There’s good news about young drivers: there are far fewer 16-year-olds to dodge
It’s not often that government statistics about teenagers are good news, but this is one of those rare times. In just-released government data, it seems that far fewer 16-year-olds are driving now than in years past.
Can I get an “Amen”?
According to the U.S. Department of Transportation’s Federal Highway Administration, only 30 percent of eligible 16-year-olds got their license to drive in 2008, compared to 44 percent in 1988. That means that in the last 20 years, the percentage of licensed 16-year-old drivers has gone way down.
I think that’s excellent news, but then it’s kind of personal for me. Ten years ago, a 16-year-old driver – licensed for just three weeks – rear-ended me and my family as we tried to turn into our own driveway, totaling our vehicle.
But why are far fewer 16-yearolds driving? A Washington Post article last week postulated that the drop in teen drivers indicates that getting a drivers’ license is not the be-all and end-all for teens that it was in decades past, largely due to their ability to hang out with friends online.
“A generation consumed by Facebook and text-messaging, by Xbox Live and smartphones, no longer needs to climb into a car to connect with friends,” the Post article said. Plus, kids have so many other things to do now, and with years of being shuttled to sports, lessons and shopping, they’re used to being driven. Contributing to the drop, too, may be the economic impact of breathtaking insurance rates for new teen drivers.
Graduated state licensing systems like Georgia’s, which have put new requirements for learner’s permits, driver’s ed, supervised practice and night driving, and restricting passengers in the car, may also be responsible for much of the decline in the number of licensed 16-yearolds. Statistics show those new rules are saving lives, both among teens and among other drivers.
It wasn’t that way back when I got behind the wheel. It was unthinkable to me not to get my learner’s permit at 15 and my license the very day I turned 16. My father, to his great credit, had trained me hard and mercilessly, talking at length about what he was doing and seeing as I watched him drive through traffic. “Watch this guy,” he’d say. “He’s not looking.

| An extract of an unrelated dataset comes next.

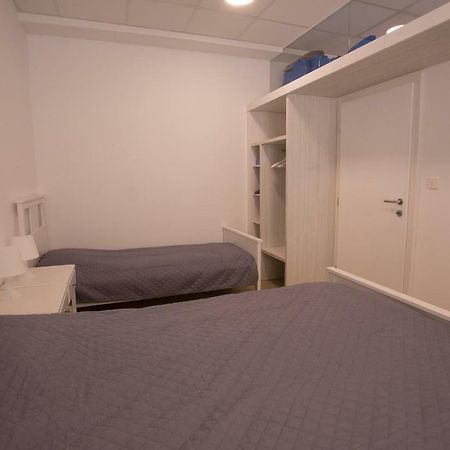Downtown Beach Apartments Umag Kültér fotó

Look for the eyes, don’t trust a stop sign or a traffic light to stop a fool.”
That didn’t keep me from making a rookie mistake on my driving test. After successfully navigating blocks of big-city traffic and perfectly parallel parking my mother’s oceanliner sized Ford Country Squire station wagon, the state trooper said I’d passed and told me to pull back around to the start. Well, I pulled out without looking, and almost got creamed by a city bus. The trooper promptly failed me and told me I’d have to try again, since I’d almost killed us both. Some things you learn the hard way.
So the government figures are reassuring. Now, far fewer kids are taking their youthful enthusiasm and blind ignorance on the roads, entertaining themselves at home and preferring to let their electrons do the traveling. That’s fine with me.
And parents, remember that you are the final arbiter of whether or not your 16-year-old is ready to speed through the streets in two tons of steel. It doesn’t matter what the state of Georgia or the calendar says, they should drive only when you judge them to be capable and responsible.
Remember, the life you save may be their own.